Global relevance of marine organic aerosol as ice nucleating particles

Ice nucleating particles (INPs) lower the supersaturation required and/or increase the temperature at which supercooled droplets start to freeze. They are therefore of particular interest in mixed-phase temperature regimes, where supercooled liquid droplets can persist for extended periods of time in the absence of INPs. When INPs are introduced to such an environment, the cloud can quickly glaciate following the Wegener-Bergeron-Findeisen process and possibly precipitate out, altering its radiative properties. Despite their potential influence on climate, the ice nucleation ability and importance of different aerosol species is still not well understood and is a field of active research.
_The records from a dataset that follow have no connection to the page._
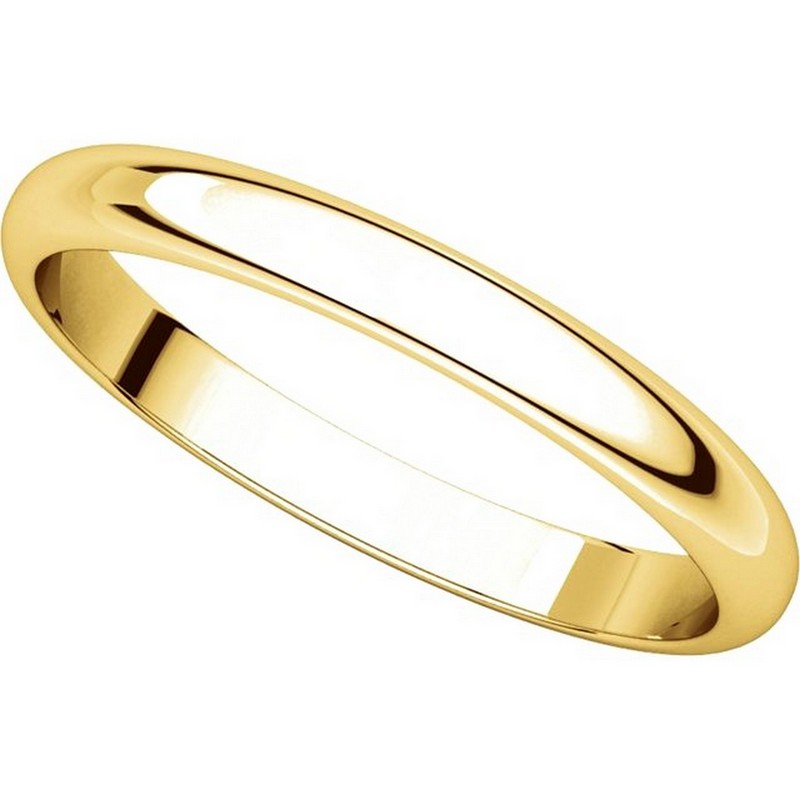 Item # S154002 View 4 - 14K Plain Wedding Band 2.5mm Wide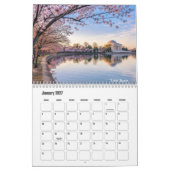Calendrier de printemps à Washington DC (Jan 2027)
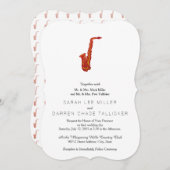 Saxophon Einladung (Vorne/Hinten)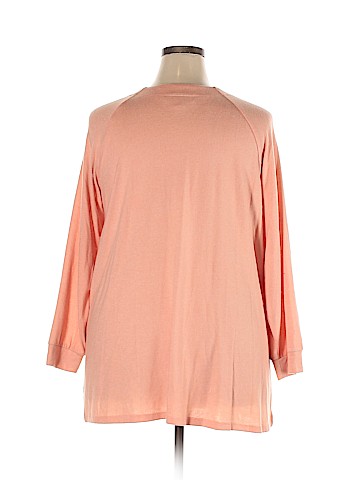 Woman Within Long Sleeve Top (view 2)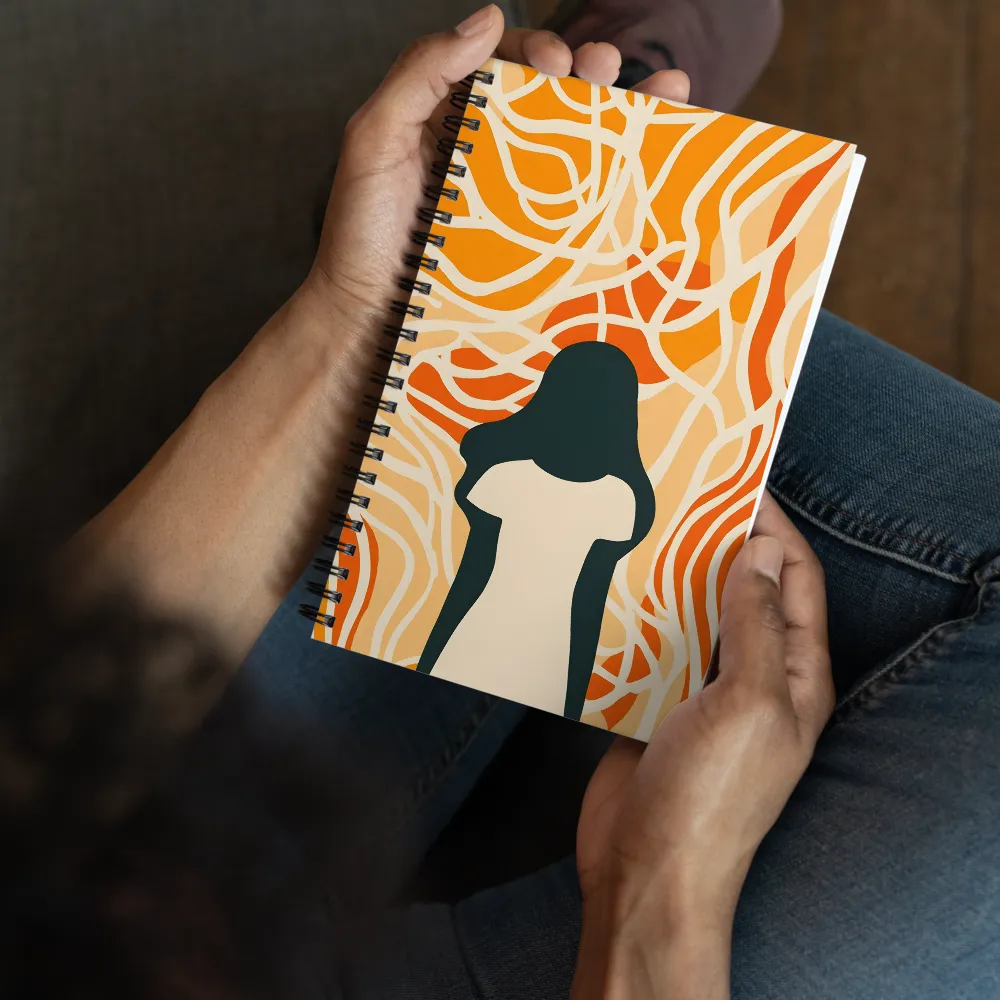Orange Flowing Contemplation 
 Spiral Notebook | 140 pages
In this study we used the aerosol-climate model ECHAM-HAM to examine the global relevance of marine organic aerosols (MOA), which have drawn much interest in recent years as a potentially important INP in remote marine regions. We address the uncertainties in emission and ice nucleation activity of MOA with a range of reasonable set-ups and find a wide range of resulting MOA burdens. The relative importance of MOA as an INP compared to dust is investigated and found to depend strongly on the type of ice nucleation parametrisation scheme chosen. Regardless, MOA was not found to affect the microphysical properties of clouds or the radiative balance significantly, due to its relatively weak ice activity and a low sensitivity of cloud ice properties to heterogeneous ice nucleation in our model.